Tyler noted that New Zealand still has a strong relationship with China despite it being a Five Eyes partner, criticising the Middle Kingdom on its treatment of the Uighurs and activities in Hong Kong, and stopping Huawei from having a role in its 5G network.
“One lesson is that New Zealand appears to put diplomacy at the centre of foreign policy rather than privileging security and defence,” she says.
“Diplomacy starts from realism: accepting that you’re unlikely to be able to change the basic nature of other countries and trying to get the best for your country that you can.”
“There’s a lot there for Australia to reflect on. Last week New Zealand received its best-ever placing in an international index of soft power, partly on the back of its well-publicised performance handling COVID-19 and the ‘Jacinda factor’,”
But we have yet to see O’Connor defended for saying Covid-19 has taught the tourism industry “not to be so cocky” after a slump in international tourism saw it lose its spot as the top export earner to the dairy industry.
“We have just gone through an amazing 12-month period in our country where we have learnt a lot about ourselves, as people, as a community and as sectors and industries,” O’Connor told an audience of agricultural leaders and politicians at Central Districts Field Days in Feilding on Friday.
“The tourism industry learnt not to be so cocky, that’s not to go around saying how great they are and how big they are, cause it can change,” said O’Connor, who has previously held the role of tourism minister.
The Stuff report of these remarks noted that the dairy and tourism industries have vied for the spot as the top export earner over the years, with the dairy industry overtaking tourism in the year to the end of March 2020 with export earnings of $16.2 billion to tourism’s $15.9b.
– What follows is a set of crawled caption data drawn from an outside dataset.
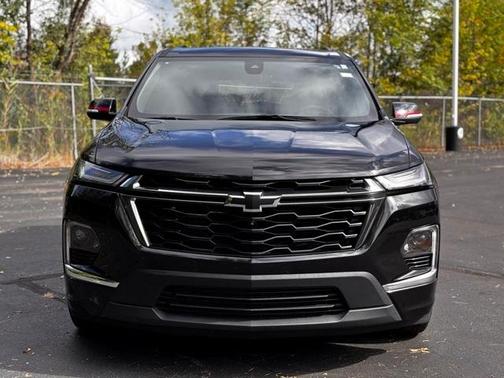 2024 Chevrolet Traverse Limited Premier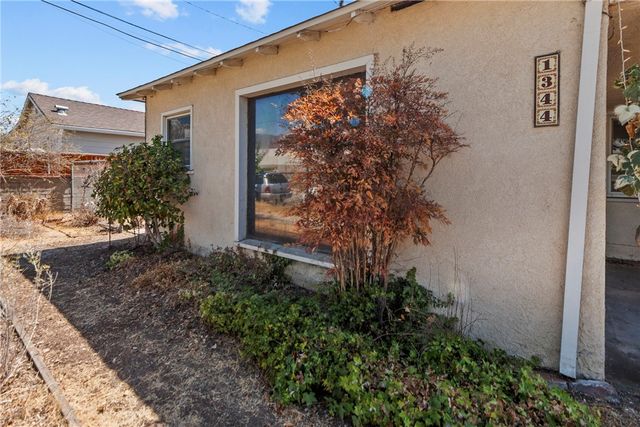 1344 N Parish Pl, Burbank, CA 91506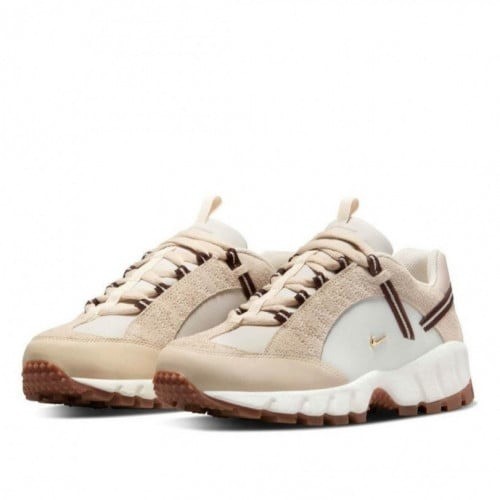 حذاء Nike Jacquemus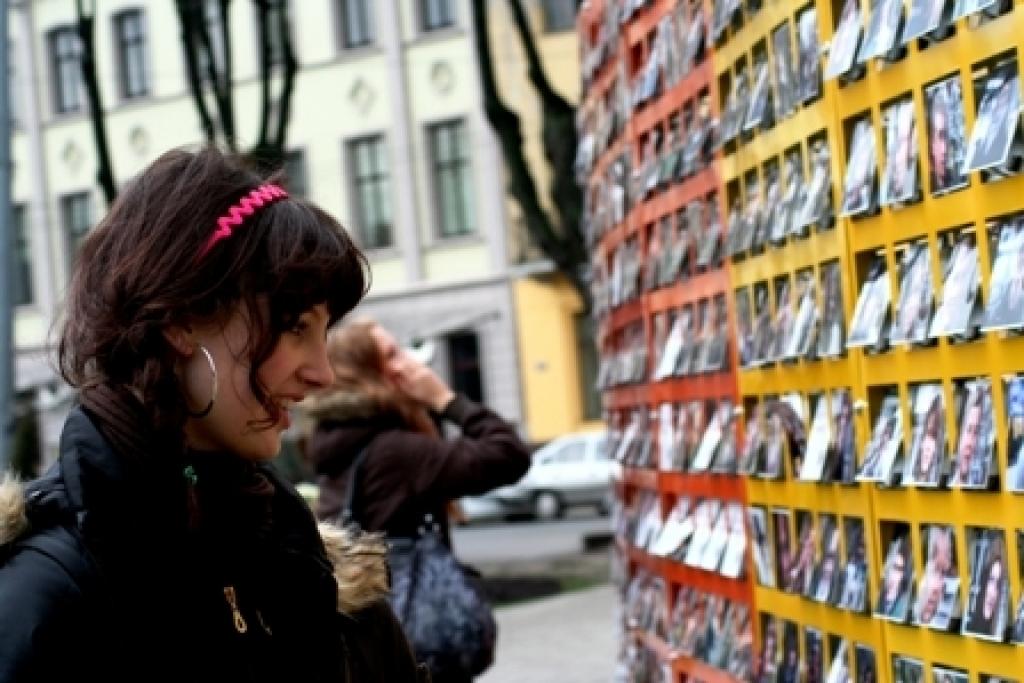 Jelgavā portretu siena līdz 9.jūnijam atradīsies pie tirdzniecības centra «Pilsētas pasāža».
Autors: «Bite Latvija».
Tourism had been in the top position since June 2015.
“The industry is very proud of its battle and ultimately its lead over dairy as the single biggest export earner of our country, and I guess that’s a healthy competition,” O’Connor said after his speech.
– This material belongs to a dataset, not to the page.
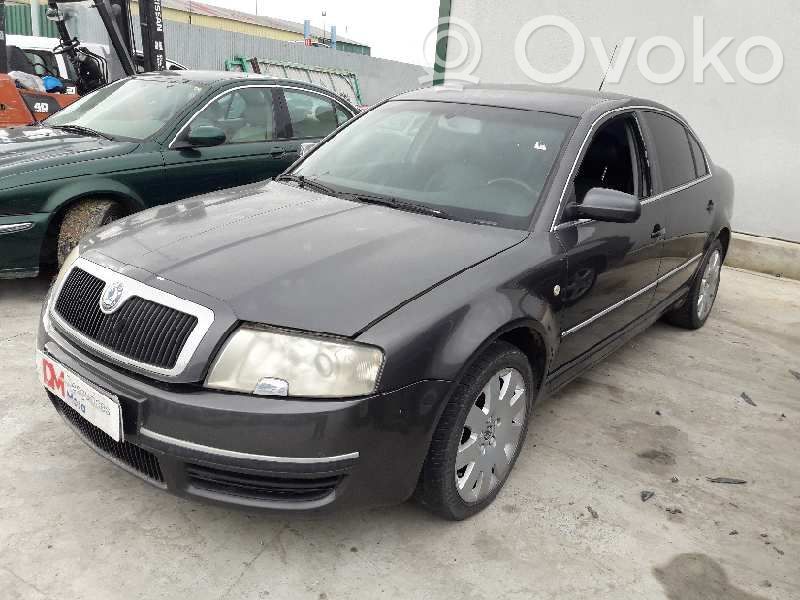 Superb B5 (3U) Superb  06B903016E
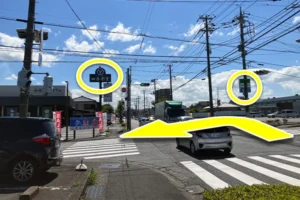 「四季彩堂」や「ファミリーマート」がある交差点まで来たら、横断歩道を左に渡って下さい。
National’s Tourism spokesperson Todd McClay has taken issue with the Minister, saying:
“His comments are tone deaf and out of touch with the devastation that’s taking place in tourism under his Government’s watch. They are reflective of a Government that’s sitting by as hardworking Kiwis and their businesses go to the wall.
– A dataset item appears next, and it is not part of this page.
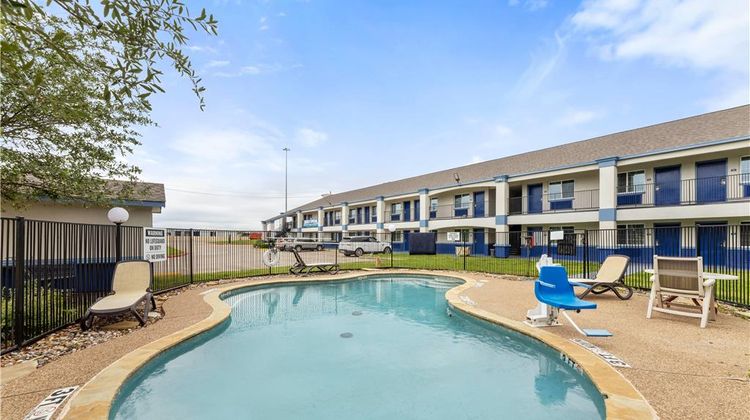 Days Inn McKinney Pool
“This week more Kiwis will be forced to lay off their staff and close their businesses. They are not cocky.”.
McClay was behind the times when he said tourism was our largest export earner and employed more than 400,000 people. Perhaps he hadn’t read the aforementioned Stuff report.
But he knows how to whip up emotions:
“Hardworking Kiwis have borrowed against their houses and poured their life savings into keeping their businesses afloat.
“They need a Government that will support them until visitors return. Instead what they’ve got is their own Tourism Minister telling them to close up and another senior Minister that they were cocky.
“Australia has worked out tourism is worth saving. They’ve offered extra support to their sector including half price flights to boost local tourism and they welcomed Kiwis to their shores in October last year.
“Meanwhile our Government is being dragged towards a trans-Tasman bubble, but its lack of urgency will mean it’ll come too late for many.
Tourism needed a real plan and urgent action now, not repeated criticism from the Government, McClay said.
Kiwis who were losing their businesses and livelihoods deserved better.